Die nächste Ausgabe der FemGeo Rundmail soll sich mit feministischen 
Perspektiven auf Austerität und Krise beschäftigen. Das umfasst für uns 
Kürzungen öffentlicher Ausgaben als Reaktion auf sozio-ökonomische 
Krisen. Im Sinne neoliberaler Sparpolitiken erfolgen dabei eine 
ökonomische Priorisierung bei der Verteilung von Geldern und eine 
(Re)privatisierung von Zuständigkeiten. Diese basieren auf der 
systematischen Abwertung und Ausbeutung vermeintlich unproduktiver 
Sorgearbeiten. So sind insbesondere die Bereiche der öffentlichen 
Fürsorge und der Versorgungsinfrastruktur wie das Gesundheitswesen, der 
soziale Wohnungsbau, Bildung, Sozialhilfe oder Kinderbetreuung von 
Sparmaßnahmen betroffen - Sektoren, die hinsichtlich der Nutzer*innen 
sowie Beschäftigten stark geschlechtsspezifisch strukturiert sind. Damit 
äußern sich Austeritätspolitiken insbesondere in der Veränderung 
sozialräumlicher Strukturen und der Verstärkung bereits bestehender 
geschlechtsbezogener sozio-ökonomischer Ungleichheiten.

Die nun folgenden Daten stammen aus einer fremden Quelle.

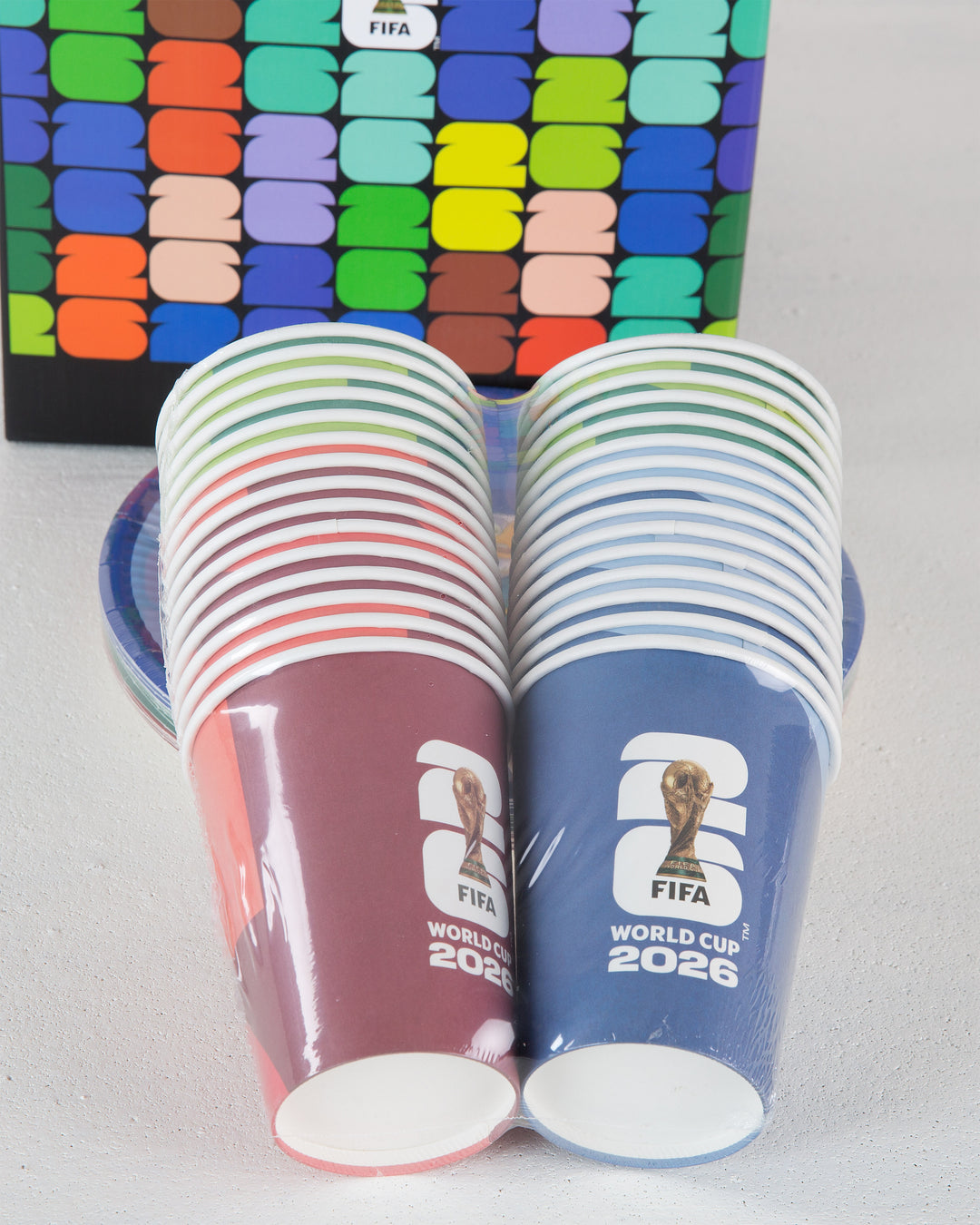 A set of red and blue FIFA World Cup 2026 Paper Cups behind a plate and box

Wir sind daher besonders an Beiträgen interessiert, die den konkreten 
Einfluss dieser Ungleichheiten auf das alltägliche Leben und dessen 
sozialer Reproduktion untersuchen. Dabei kann auf den Zusammenhang 
zwischen alltäglichen Praxen und ökonomischer Reproduktion sowie 
Verflechtungen von race- und klassenspezifischen Dynamiken in der 
ökonomischen Exklusion sowie der sozial-räumlichen Verortung von Körpern 
eingegangen werden. Darüber hinaus, können (kollektive) Formen des 
Widerstandes und Perspektiven der Solidarität behandelt werden, auch in 
Bezug darauf, inwiefern dadurch vorherrschende neoliberale Diskurse, 
Politiken und Praxen herausgefordert werden. Wir freuen uns auch über 
Beiträge, die eine Verbindung zwischen Austerität als 
Krisenlösungsstrategie und antifeministisch-neokonservativen Diskursen 
ziehen oder alternative Konzepte wie das der feministischen Sorgeethik 
einbinden. Natürlich können auch hier nicht konkret benannte Themen und 
Schwerpunkte gewählt und eigene Zusammenhänge hergestellt werden!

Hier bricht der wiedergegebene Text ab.